SCATEX pinholes for synchrotrons
Synchrotrons provide higher photon fluxes and higher resolution compared to home-lab instrumentations. Thus, apertures used at beamlines need to be of higher quality in order to guarantee a better performance.
At the PTB four-crystal monochromator beamline at BESSY II various apertures were tested at 8 keV with a typical photon flux in the range of 4·109-4·1010 ph/s. The tested apertures were aligned centric into the primary beam to allow a maximum photon flux. The circular beam stop with a diameter of 5 mm absorbs the primary beam, whereas the signal of the parasitic aperture scattering is recorded by the Pilatus 1M detector around the beam stop.
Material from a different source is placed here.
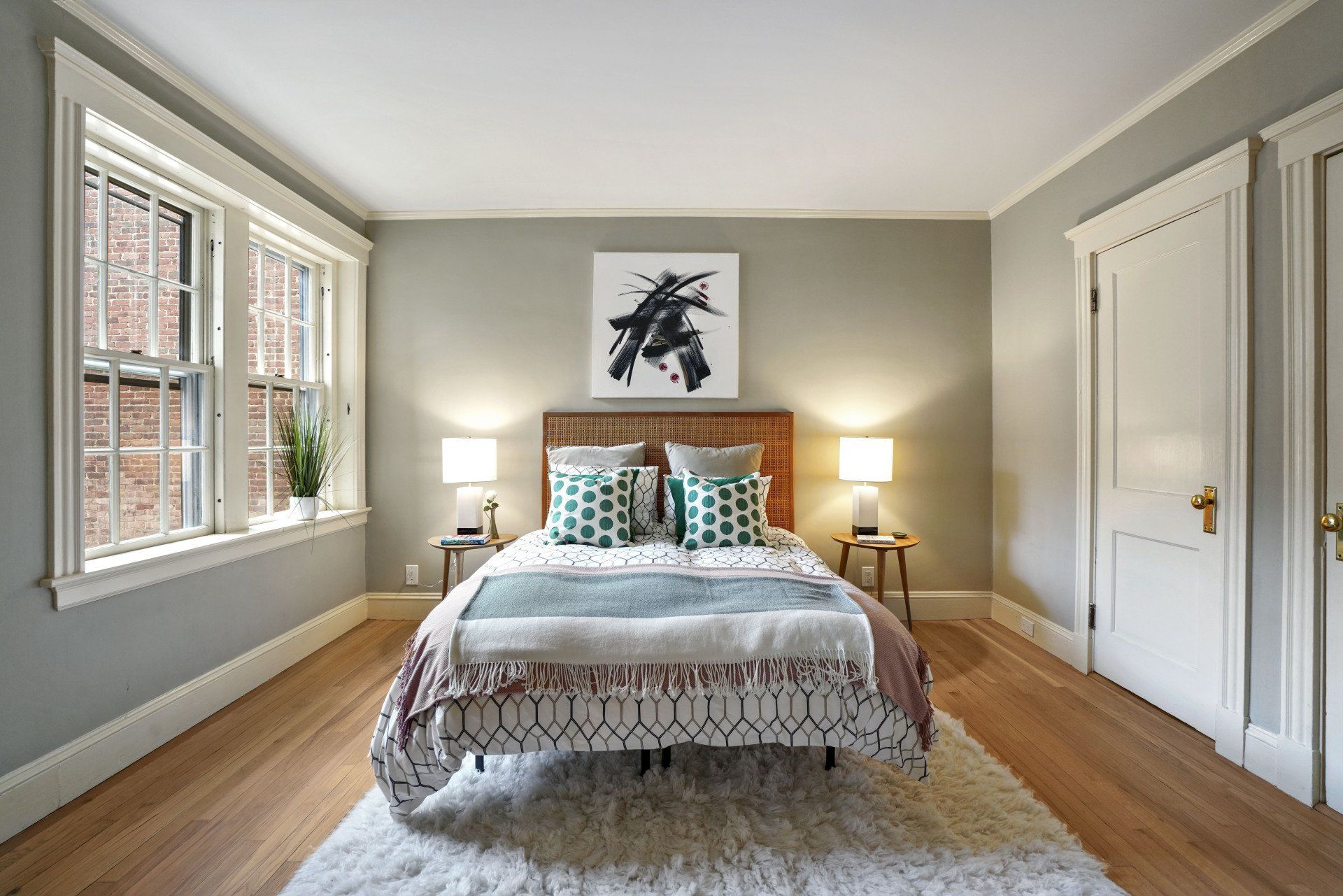 43 Linnaean Street, #22A  master bedroom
The following apertures were compared: 1) a Cu foil with 500 μm pinhole, 2) a commercially available 500 μm Pt/Ir pinhole and 3) a 520 μm SCATEX pinhole made of Germanium. The detector images have shown that even with a 10 times longer measurement time the SCATEX pinhole causes much less parasitic scattering intensity and scatters much less into the q-space. Furthermore, the scattering pattern of SCATEX is circular, thus showing the high overall structural quality of the pinhole.
The quantitative analysis (scattering intensity vs. q-plot) shows that SCATEX pinholes produce 2-3 orders of magnitude less parasitic scattering and scatter much less into the q-space. The measured parasitic signal was integrated concentrically around the beam stop and normalized to the photon flux upstream of the tested aperture.